Dann kamen die Weihnachtsfeiertage, und alle hatten etwas Ruhe, die Ereignisse zu überdenken und den Ertrag der „Zwischenrede“ zu resümieren. Er bestand – so die übereinstimmende Meinung - damals vor allem im Ereignis selbst, denn es war der gerade erst gegründeten KulturInitiative '89 gelungen, im Osten eine weithin beachtete repräsentative deutsch-deutsche Zusammenkunft zu organisieren und so auch auf sich aufmerksam zu machen. Die Debatte selbst zeugte eher davon, wie unterschiedlich die Situation in West und Ost damals gesehen wurde und wie verschieden die Erfahrungshintergründe der Beteiligten waren. Obwohl einige der anwesenden ostdeutschen Künstler, die sich in Aufrufen für den Erhalt der DDR engagiert hatten, beredt schwiegen (wie Heiner Müller und Christa Wolf), dokumentiert die Debatte, wie kommunikationsbereit beide Seiten damals noch waren - das sollte sich bald ändern. Zwar nicht auf der Ebene der beiden hier kooperierenden "Kulturinitiativen", doch bei den Akademien und anderswo brach der große Streit aus.

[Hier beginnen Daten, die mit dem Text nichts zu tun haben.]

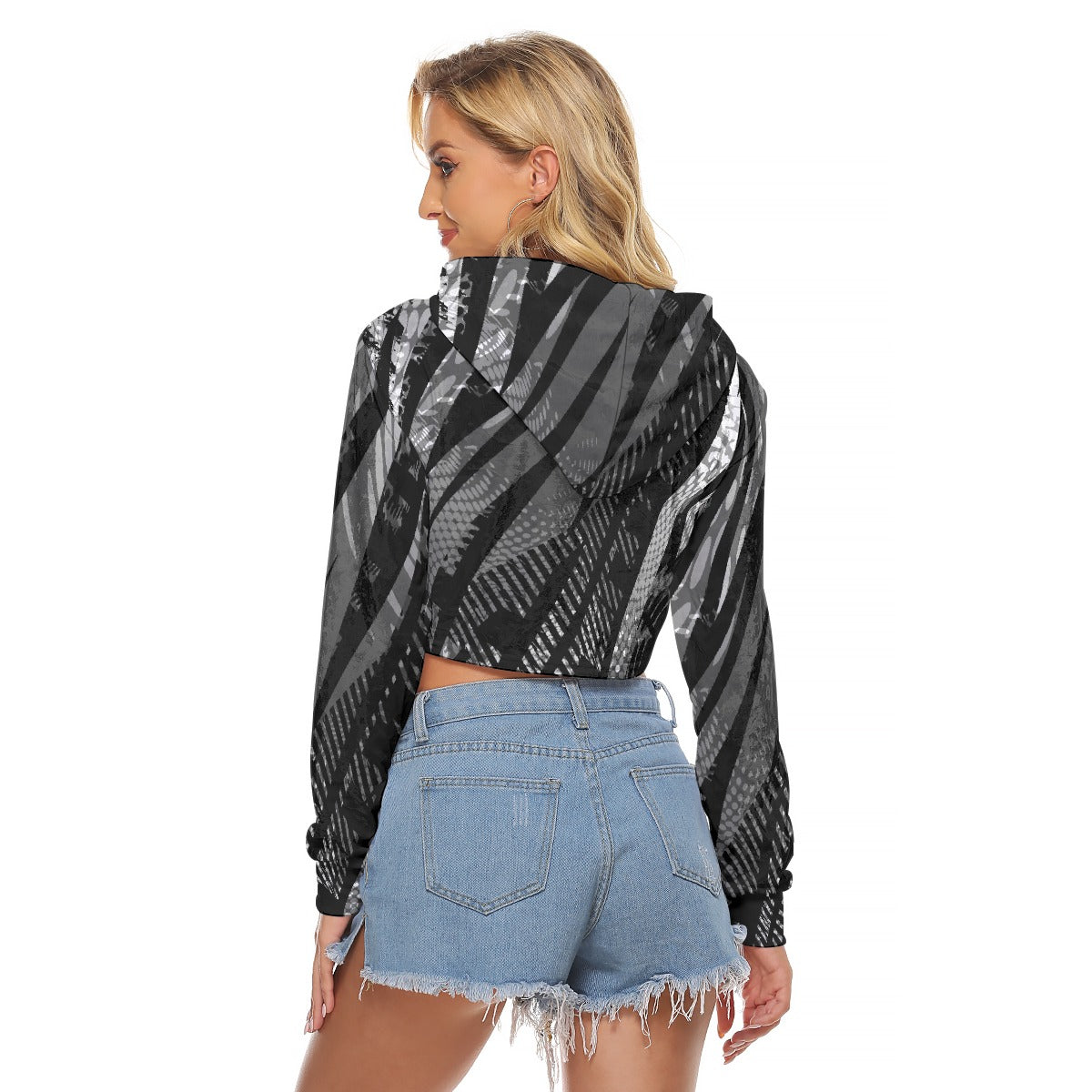 All-Over Print Women's Crop Top Hoodie|Velvet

Liest man heute die damaligen Beiträge als Text, so scheint alles nicht so recht zusammenzupassen, denn die Spannweite der Themen reicht von Kleinigkeiten, mit denen sich das bis dahin Unerhörte anzukündigen schien, bis zum Philosophieren über den Augenblick der welthistorischen Wende in deutscher Dimension. Wenn man einen Gesamteindruck zusammenfassend nennen sollte: die westdeutschen TeilnehmerInnen haben wohl viel schneller begriffen, welche kulturellen Folgen der unausweichliche Übergang vom Sozialismus zum Kapitalismus haben würde.

VII.
Die Texte sind damals nach dem Mitschnitt mehr schlecht als recht transkribiert worden; der redaktionelle Aufwand war erheblich. Danach lagen sie allen erreichbaren Autoren vor, nur zwei baten darum, ihren Beitrag nicht zu veröffentlichen (Gerd Irrlitz und Georg Knepler). Zusammen geben diese Zeitdokumente die Stimmungslage in dieser kurzen Übergangszeit recht gut wieder. Man mag sie als gespieltes Selbstvertrauen, als offensive Ratlosigkeit, als Aufbruch oder Abrechnung deuten, wichtiger scheint es zu sein, wie die Zeitzeugen ihre damaligen Vorstellungen später sahen. 1999 hat die Redaktion der Mitteilungen aus der kulturwissenschaftlichen Forschung (MKF) darum Teilnehmer der "Zwischen-Rede" um einen rückblickenden Kommentar gebeten. Nicht zuerst um zu überprüfen, wie dicht sie damals an den Trends der Zeit waren, sondern um eine Facette des kulturellen Wandels im letzten Jahrzehnt sichtbar werden zu lassen. Einige haben geantwortet, darunter auch etliche, die das für sinnlos hielten oder mit dem damaligen Ereignis nichts mehr zu tun haben wollten. Alle damals eingegangenen Texte sind hier in dem Zeitdokument 14 "Rückblick aus dem Jahre 2000 - Erinnerungen an die 'Zwischenrede' 1989" enthalten und dort nachzulesen.